Il gaslighting (manipolazione psicologica maligna) è una forma di manipolazione psicologica violenta e subdola nella quale vengono presentate alla vittima false informazioni con l’intento di farla dubitare della sua stessa memoria e percezione.
Può anche essere semplicemente il negare da parte di chi ha commesso qualcosa che gli episodi siano mai accaduti, o potrebbe essere la messa in scena di eventi bizzarri con l’intento di disorientare la vittima.
L’obiettivo dell’abusante è di sopprimere le reazioni di autodifesa della vittima per sfuggire alle sanzioni che gli spetterebbero, e continuare così a ripetere l’abuso.

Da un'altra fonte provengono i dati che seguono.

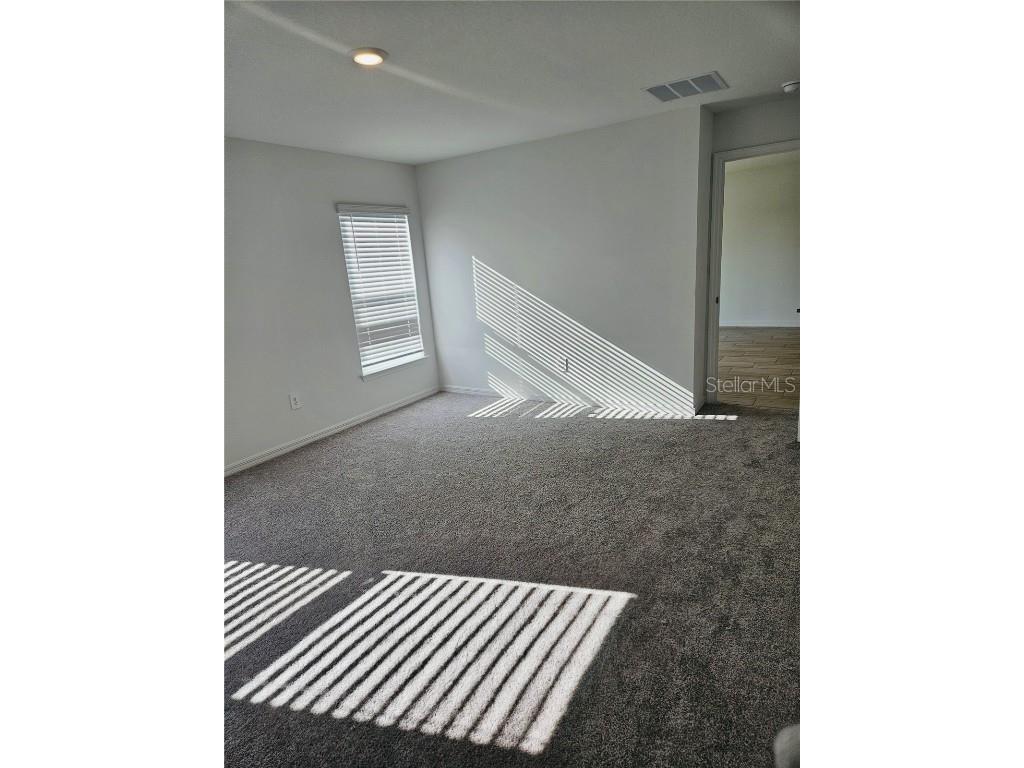 22496 Nebula Way Land O Lakes FL 34637 O6365288 image19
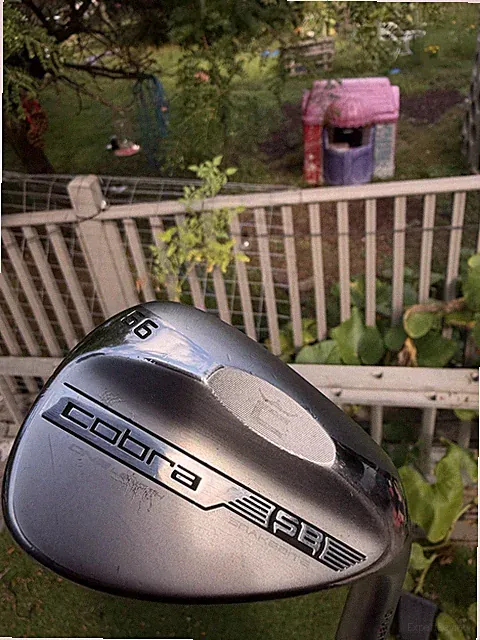 Cobra Snake Bite One Length Wedge 56 Degree KBS HI-Rev 125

Concretamente, è un caso speciale di diversione basato su sottili manipolazioni verbali o gestuali in cui l’abusante mette in dubbio ogni scelta, sentimento, emozione, valore della vittima.
Per esempio, per degradare l’autostima della vittima, l’abusante può ignorarla completamente, poi riconsiderarla fortemente, poi ignorarla di nuovo, ecc.
In questo modo, la vittima abbassa i propri standard relazionali ed emotivi, si percepisce come “indegna”, non è più in grado di fidarsi dei suoi sentimenti di attaccamento e diventa sempre più dipendente dal manipolatore.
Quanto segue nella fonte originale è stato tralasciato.